Using the data below, output a verbatim copy of the lines between the one holding "A refined kitchen" and the one holding "Old Hudson Hornet", inclusive, without any pictures.
** Opening Given records block **
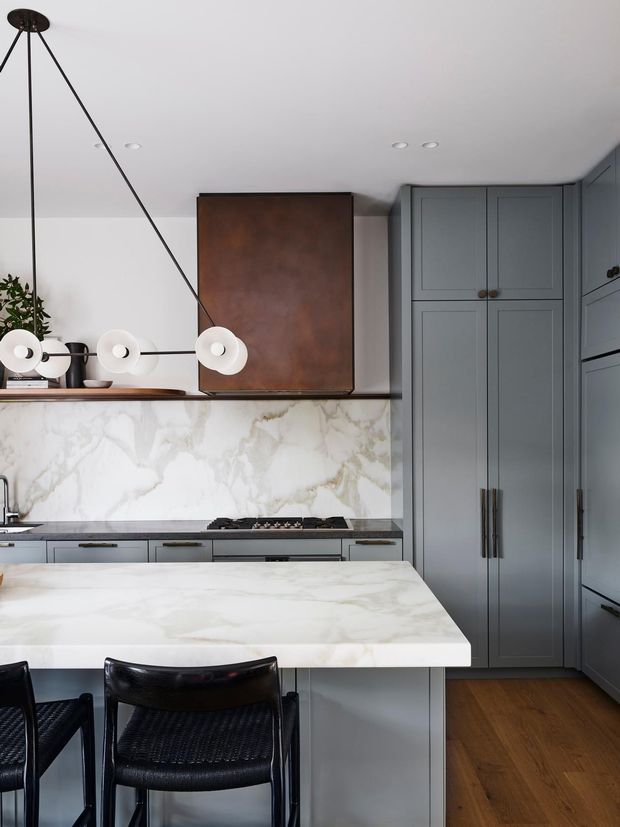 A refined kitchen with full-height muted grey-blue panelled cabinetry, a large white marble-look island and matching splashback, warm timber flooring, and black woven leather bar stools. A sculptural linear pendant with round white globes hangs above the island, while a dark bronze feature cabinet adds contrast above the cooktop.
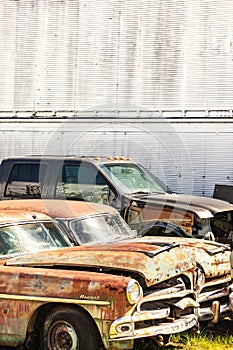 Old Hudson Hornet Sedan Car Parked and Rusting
** Closing Given records block **
** Opening Given records block **
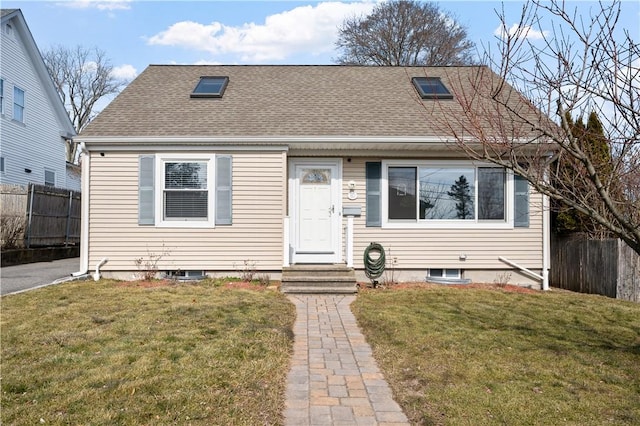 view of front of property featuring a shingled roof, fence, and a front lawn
** Closing Given records block **
** Opening Given records block **
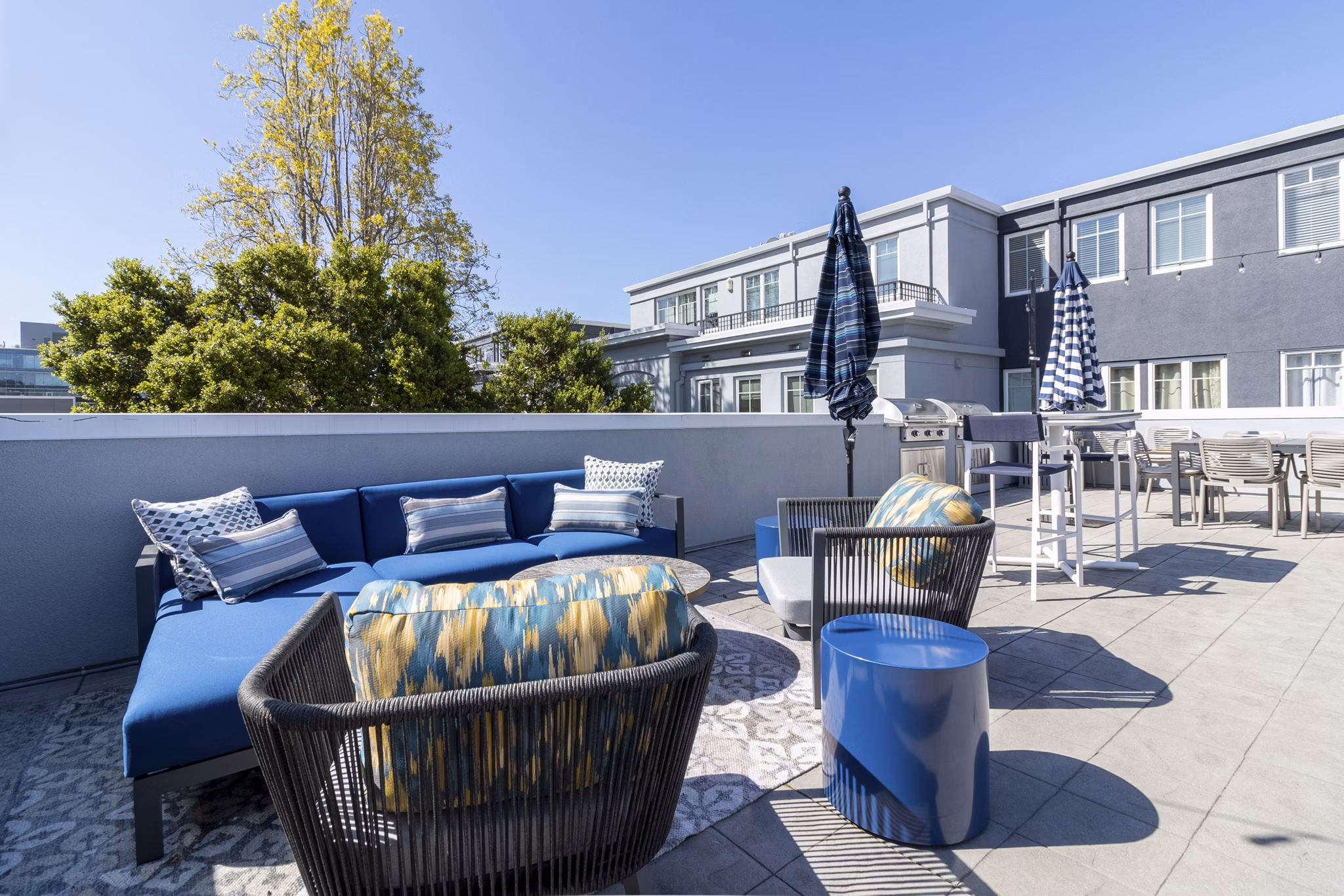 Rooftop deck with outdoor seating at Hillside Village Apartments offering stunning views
** Closing Given records block **
[Written response]
 A refined kitchen with full-height muted grey-blue panelled cabinetry, a large white marble-look island and matching splashback, warm timber flooring, and black woven leather bar stools. A sculptural linear pendant with round white globes hangs above the island, while a dark bronze feature cabinet adds contrast above the cooktop.
 Old Hudson Hornet Sedan Car Parked and Rusting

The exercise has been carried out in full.